RFC: I/O bandwidth controller

Dong-Jae Kang baramsori72 at gmail.com
Wed Aug 13 00:47:25 PDT 2008


2008/8/13 Andrea Righi <righi.andrea at gmail.com>:
> Fernando Luis Vázquez Cao wrote:
>> On Tue, 2008-08-12 at 22:29 +0900, Andrea Righi wrote:
>>> Andrea Righi wrote:
>>>> Hirokazu Takahashi wrote:
>>>>>>>>>> 3. & 4. & 5. - I/O bandwidth shaping & General design aspects
>>>>>>>>>> The implementation of an I/O scheduling algorithm is to a certain extent
>>>>>>>>>> influenced by what we are trying to achieve in terms of I/O bandwidth
>>>>>>>>>> shaping, but, as discussed below, the required accuracy can determine
>>>>>>>>>> the layer where the I/O controller has to reside. Off the top of my
>>>>>>>>>> head, there are three basic operations we may want perform:
>>>>>>>>>>   - I/O nice prioritization: ionice-like approach.
>>>>>>>>>>   - Proportional bandwidth scheduling: each process/group of processes
>>>>>>>>>> has a weight that determines the share of bandwidth they receive.
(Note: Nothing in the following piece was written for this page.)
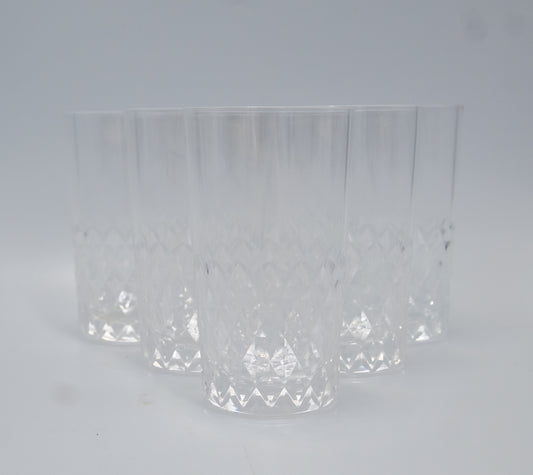 Vintage Crystal Shot Glasses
>>>>>>>>>>   - I/O limiting: set an upper limit to the bandwidth a group of tasks
>>>>>>>>>> can use.
>>>>>>>>> Use a deadline-based IO scheduling could be an interesting path to be
>>>>>>>>> explored as well, IMHO, to try to guarantee per-cgroup minimum bandwidth
>>>>>>>>> requirements.
>>>>>>>> Please note that the only thing we can do is to guarantee minimum
>>>>>>>> bandwidth requirement when there is contention for an IO resource, which
>>>>>>>> is precisely what a proportional bandwidth scheduler does. An I missing
>>>>>>>> something?
>>>>>>> Correct. Proportional bandwidth automatically allows to guarantee min
>>>>>>> requirements (instead of IO limiting approach, that needs additional
>>>>>>> mechanisms to achive this).
>>>>>>> In any case there's no guarantee for a cgroup/application to sustain
>>>>>>> i.e. 10MB/s on a certain device, but this is a hard problem anyway, and
>>>>>>> the best we can do is to try to satisfy "soft" constraints.
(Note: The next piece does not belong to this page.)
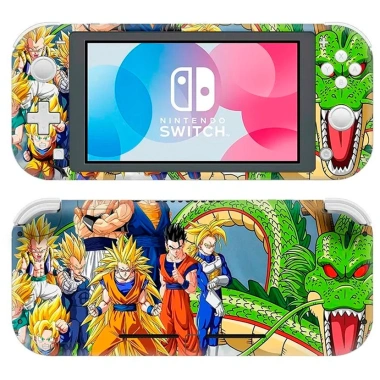 Skin decal dán Nintendo Switch Lite Dragon Ball - Cắt sẵn, dễ dán, chỉ 120.000đ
>>>>>> I think guaranteeing the minimum I/O bandwidth is very important. In the
>>>>>> business site, especially in streaming service system, administrator requires
>>>>>> the functionality to satisfy QoS or performance of their service.
>>>>>> Of course, IO throttling is important, but, personally, I think guaranteeing
>>>>>> the minimum bandwidth is more important than limitation of maximum bandwidth
>>>>>> to satisfy the requirement in real business sites.
>>>>>> And I know Andrea's io-throttle patch supports the latter case well and it is
>>>>>> very stable.
>>>>>> But, the first case(guarantee the minimum bandwidth) is not supported in any
>>>>>> patches.
>>>>>> Is there any plans to support it? and Is there any problems in implementing it?
>>>>>> I think if IO controller can support guaranteeing the minimum bandwidth and
>>>>>> work-conserving mode simultaneously, it more easily satisfies the requirement
>>>>>> of the business sites.
>>>>>> Additionally, I didn't understand "Proportional bandwidth automatically allows
>>>>>> to guarantee min
>>>>>> requirements" and "soft constraints".
>>>>>> Can you give me a advice about this ?
>>>>>> Thanks in advance.
>>>>>> Dong-Jae Kang
>>>>> I think this is what dm-ioband does.
>>>>> Let's say you make two groups share the same disk, and give them
>>>>> 70% of the bandwidth the disk physically has and 30% respectively.
>>>>> This means the former group is almost guaranteed to be able to use
>>>>> 70% of the bandwidth even when the latter one is issuing quite
>>>>> a lot of I/O requests.
>>>>> Yes, I know there exist head seek lags with traditional magnetic disks,
>>>>> so it's important to improve the algorithm to reduce this overhead.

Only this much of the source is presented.